Rapidement, le nouveau leader signe un accord avec les États-Unis. En échange d’aides, il accepte un gel du programme nucléaire. Peu après, il lance un satellite dans l’espace… « Les relations ne se sont jamais rétablies », précise le chercheur.

Le nucléaire, toujours le nucléaire

« Le pays a la main sur le nucléaire depuis 50 ans », dit M. Hardy-Chartrand. Il travaille sur des réacteurs depuis les années 60. Et sur l’armement depuis les années 80. « C’est une fierté nationale d’être dans ce club exclusif », explique-t-il.

Escalader des montagnes

Le dirigeant actuel de la Corée du Nord, Kim Jong-un, peut escalader une montagne de plus de 2700 mètres en souliers vernis. Il a conduit seul sa première automobile à l’âge de 3 ans. Il pilote même un avion sans avoir pris de leçons…

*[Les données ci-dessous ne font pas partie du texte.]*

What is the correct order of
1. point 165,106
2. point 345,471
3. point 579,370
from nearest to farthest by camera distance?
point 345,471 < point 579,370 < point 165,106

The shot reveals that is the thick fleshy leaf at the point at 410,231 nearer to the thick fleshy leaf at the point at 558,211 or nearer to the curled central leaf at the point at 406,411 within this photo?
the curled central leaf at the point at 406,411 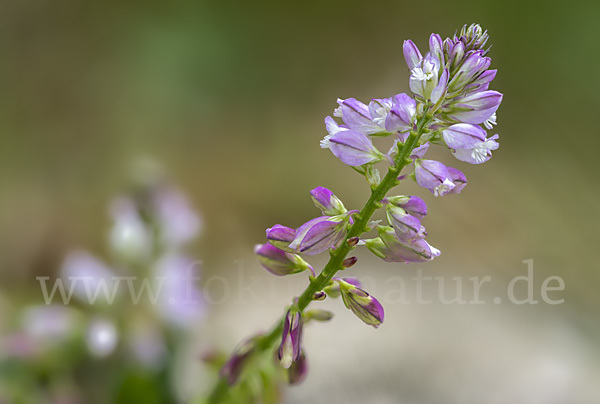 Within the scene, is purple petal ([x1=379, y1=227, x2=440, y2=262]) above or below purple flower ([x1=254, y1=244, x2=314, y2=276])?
above

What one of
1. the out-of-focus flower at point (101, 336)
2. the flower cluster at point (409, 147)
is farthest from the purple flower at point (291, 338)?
the out-of-focus flower at point (101, 336)

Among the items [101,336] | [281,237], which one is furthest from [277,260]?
[101,336]

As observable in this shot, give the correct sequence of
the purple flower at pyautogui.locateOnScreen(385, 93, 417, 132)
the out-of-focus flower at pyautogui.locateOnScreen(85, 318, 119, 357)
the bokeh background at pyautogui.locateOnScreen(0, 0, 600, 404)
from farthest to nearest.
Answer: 1. the bokeh background at pyautogui.locateOnScreen(0, 0, 600, 404)
2. the out-of-focus flower at pyautogui.locateOnScreen(85, 318, 119, 357)
3. the purple flower at pyautogui.locateOnScreen(385, 93, 417, 132)

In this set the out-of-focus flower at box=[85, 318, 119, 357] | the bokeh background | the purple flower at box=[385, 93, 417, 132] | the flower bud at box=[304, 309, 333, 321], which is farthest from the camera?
the bokeh background

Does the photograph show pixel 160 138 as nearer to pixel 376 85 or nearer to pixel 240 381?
pixel 376 85

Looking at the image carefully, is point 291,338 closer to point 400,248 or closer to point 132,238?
point 400,248

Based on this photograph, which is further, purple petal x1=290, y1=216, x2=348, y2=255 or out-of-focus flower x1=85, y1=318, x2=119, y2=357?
out-of-focus flower x1=85, y1=318, x2=119, y2=357

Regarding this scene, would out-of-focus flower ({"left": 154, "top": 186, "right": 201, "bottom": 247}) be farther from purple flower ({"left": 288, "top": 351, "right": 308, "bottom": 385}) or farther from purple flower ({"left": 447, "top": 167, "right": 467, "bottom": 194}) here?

Son père, Kim Jong-il, était, entre autres, un excellent golfeur. Lors de son premier parcours, il avait réussi 11 trous d’un coup ! Et ce ne sont pas les titres spéciaux qui manquent pour le désigner : « Guide des rayons du soleil », « Grand homme descendu du ciel », etc.

Vous l’aurez deviné, il s’agit de propagande. « Les leaders de la Corée du Nord font l’objet d’un culte de la personnalité », souligne Benoit Hardy-Chartrand, également associé à la Chaire Raoul-Dandurand en études stratégiques et diplomatiques de l’Université du Québec à Montréal.